### Task statement
Copy exactly the lines of the data below, beginning with the line with "Kylie Wedge sandals black 1" and ending with the line with "Full Black Metal Watch". Pictures are to be omitted.

### Data supplied
# # #
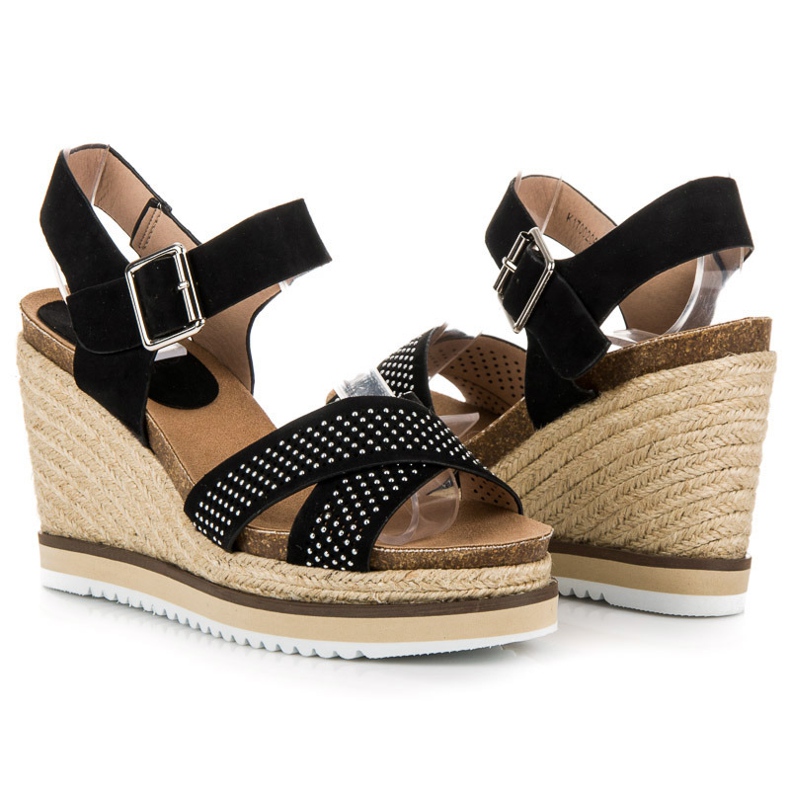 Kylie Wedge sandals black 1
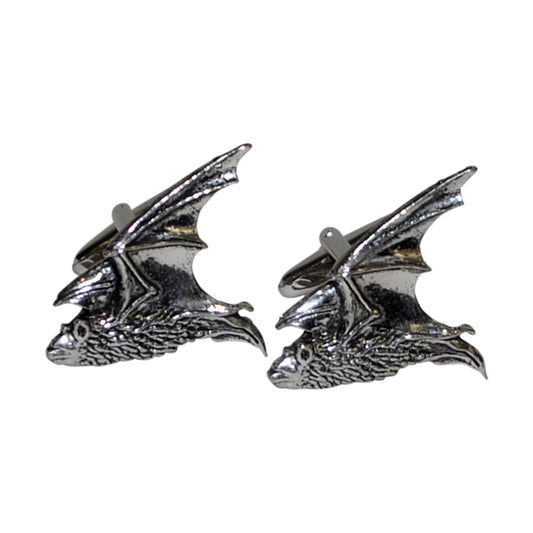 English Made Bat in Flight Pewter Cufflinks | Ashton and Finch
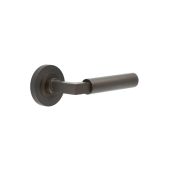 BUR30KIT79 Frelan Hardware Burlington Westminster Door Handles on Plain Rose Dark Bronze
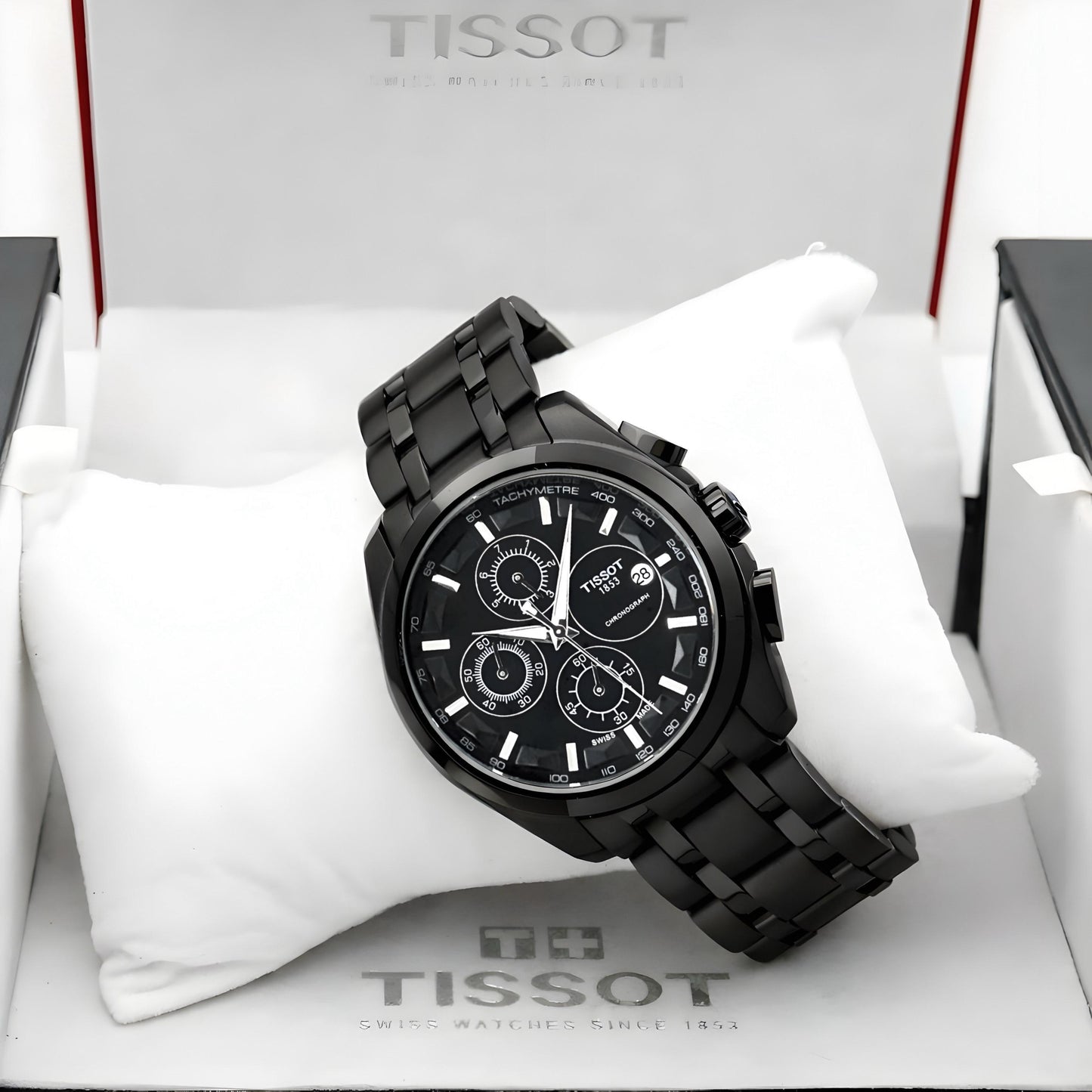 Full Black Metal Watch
# # #
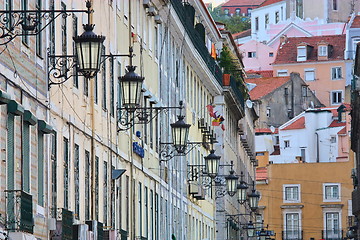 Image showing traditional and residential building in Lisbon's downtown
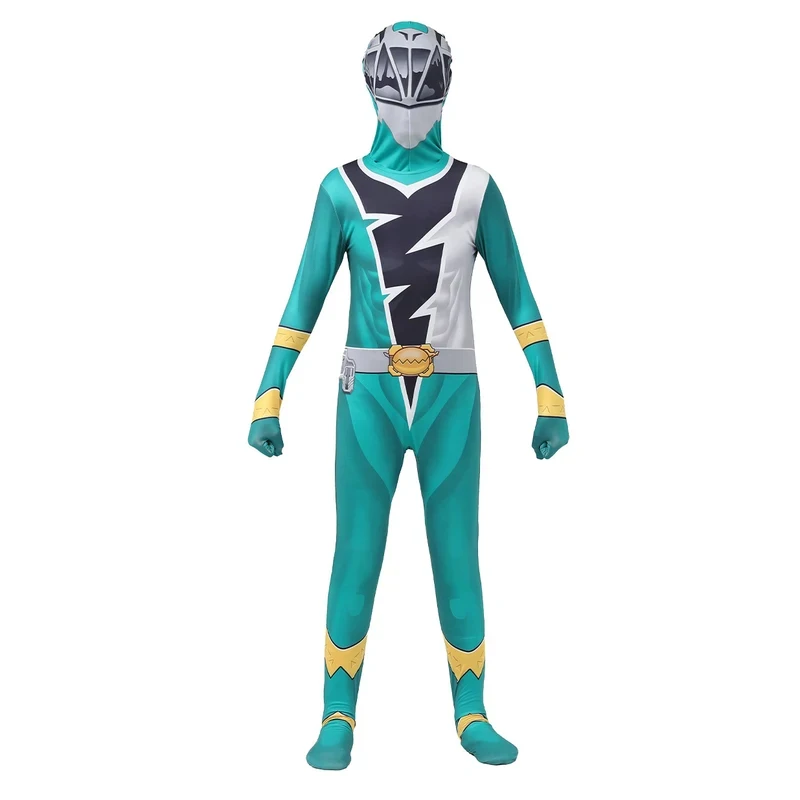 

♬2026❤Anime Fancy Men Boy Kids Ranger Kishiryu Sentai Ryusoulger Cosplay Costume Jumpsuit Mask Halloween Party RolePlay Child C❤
# # #
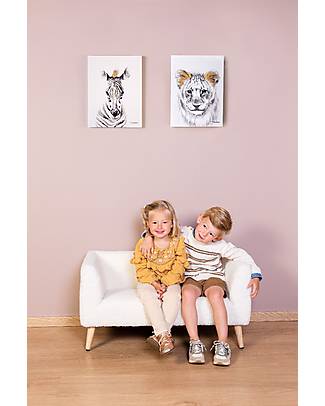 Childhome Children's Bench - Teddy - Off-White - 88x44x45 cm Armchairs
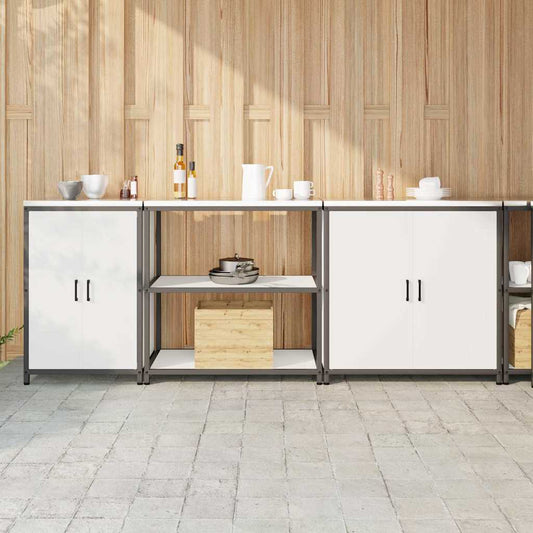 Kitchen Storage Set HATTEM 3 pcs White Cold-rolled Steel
# # #
### Answer
 Kylie Wedge sandals black 1
 English Made Bat in Flight Pewter Cufflinks | Ashton and Finch
 BUR30KIT79 Frelan Hardware Burlington Westminster Door Handles on Plain Rose Dark Bronze
 Full Black Metal Watch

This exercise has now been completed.